Lighthouse in Pembrokeshire, Wales

The South Bishop Lighthouse is a lighthouse on South Bishop Island (also known as Emsger), a small rock approximately 5 mi west of St Davids Head in Pembrokeshire, Wales.

==History==
In 1831 the traders of the port of Cardigan made an application to build a light, and this was authorised in 1834. Designed by James Walker, the lighthouse was built on the island in 1839, acting both as a waymark for vessels navigating offshore and as assistance to ships navigating around the Bishops and Clerks island group.

The lighthouse was converted to electric operation in 1959, and in 1971 a helipad was constructed at the site. Finally, the lighthouse was automated and demanned in 1983.
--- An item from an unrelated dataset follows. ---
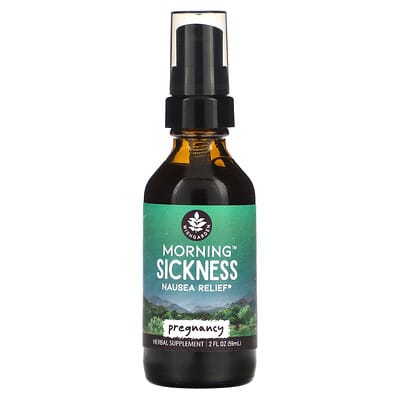 WishGarden Herbs средство от утренней тошности Morning™ Sickness, 2 fl oz (59 ml)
Like many in the UK, it is now monitored from the control centre at Trinity House in Harwich, Essex, England.

==Architecture==
The tower is built of granite, and is circular with a slight taper. A cornice at the top of the tower has iron railings, this is unusual in lighthouses designed by James Walker. Accommodation for the keepers was provided in two adjoining houses, which were built at the same time as the tower. Other buildings accommodate equipment.

==Seabirds==
It was built in the path of many migrating sea birds, and the brilliance of the light at night often led the birds to dash themselves against the lantern. Many died and, when Trinity House and the Royal Society for the Protection of Birds teamed up, together they came to the conclusion to build special bird perches on the side of the lighthouse lantern. After this the number of deaths decreased considerably.